# Winter's toll on my wheels



## Petey80 (Dec 13, 2012)

Hello all. Hoping I could get some pointers on what would be best to do and use on my wheels.

The winter weather hasn't been kind to them and I haven't had chance to keep on top of the cleaning.

A number of the corners of the spokes on the wheels have baked on crud and have gone yellow

yellowwheel by Pete, on Flickr

Any particular product and/or procedure you guys can advise me on so I can get rid of it?

Try my best to keep it all clean, but this weather is a nightmare. Especially on a dark coloured car.

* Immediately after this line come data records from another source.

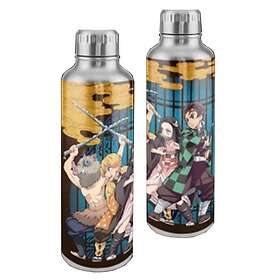 Paladone Demon Slayer Premium Metal Water Bottle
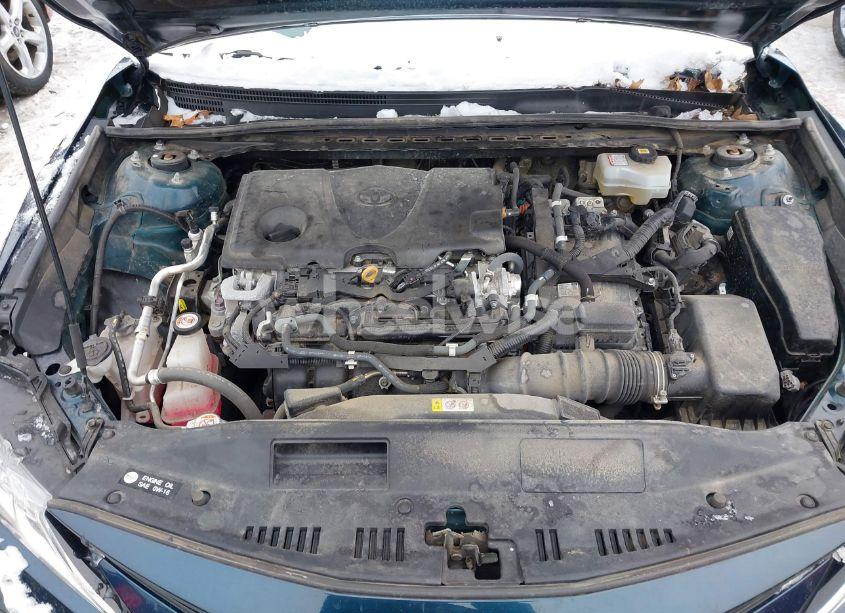 Photo 10 of 2021 Toyota Camry LE HYBRID (VIN 4T1C31AK4MU564271)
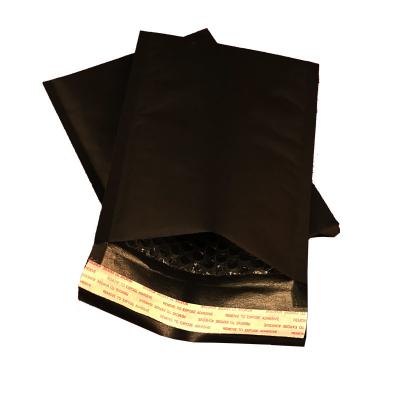 China Eco Friendly Black Kraft Bubble Mailer / Padded envelopes Customized Color for sale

Jan18cleaning by Pete, on Flickr

Jan18cleaned_1 by Pete, on Flickr

A day later

dayafterdirtyness by Pete, on Flickr


----------



## Soul boy 68 (Sep 8, 2013)

Meguire's wheel brightener, which is quite strong and it should shift it with no problems, but make sure your wheels are refurbed.


----------



## ffrs1444 (Jun 7, 2008)

Get some acid wonder wheels last resort though


----------



## slim_boy_fat (Jun 23, 2006)

AS Smart Wheels - start with a weak dilution and work up as needed.


----------



## Petey80 (Dec 13, 2012)

Thanks for the advice so far.

I have a little detailing shop close by, can you recommend any products from the range they stock

Wheels - http://www.waxworx.uk/product-category/shop-by-category/wheels/page/1/


----------



## robabarker (Jan 20, 2017)

Bilt Hamber Auto Wheel would be a good shout.


----------



## pinewood (Jan 25, 2018)

hard to keep them clean in winter, and one of the reasons I run a dedicated winter wheel set (17"), it saves the summer 19's.
When the gritters have been out - wash them down with water, just to stop the salt attacking the finish


----------



## Petey80 (Dec 13, 2012)

pinewood said:


> hard to keep them clean in winter, and one of the reasons I run a dedicated winter wheel set (17"), it saves the summer 19's.
> When the gritters have been out - wash them down with water, just to stop the salt attacking the finish


Tell me about it.

I plan on getting a set of 16" wheels and winter tyres this year in preparation for next winter.
Then get these ones re-furbed over winter ready for next summer.


----------



## pinewood (Jan 25, 2018)

Have you tried bilberry juice? I was introduced to it this year and like the results. It comes in concentrate. Use a spray bottle to mix it with water 1:20 for everyday dirt.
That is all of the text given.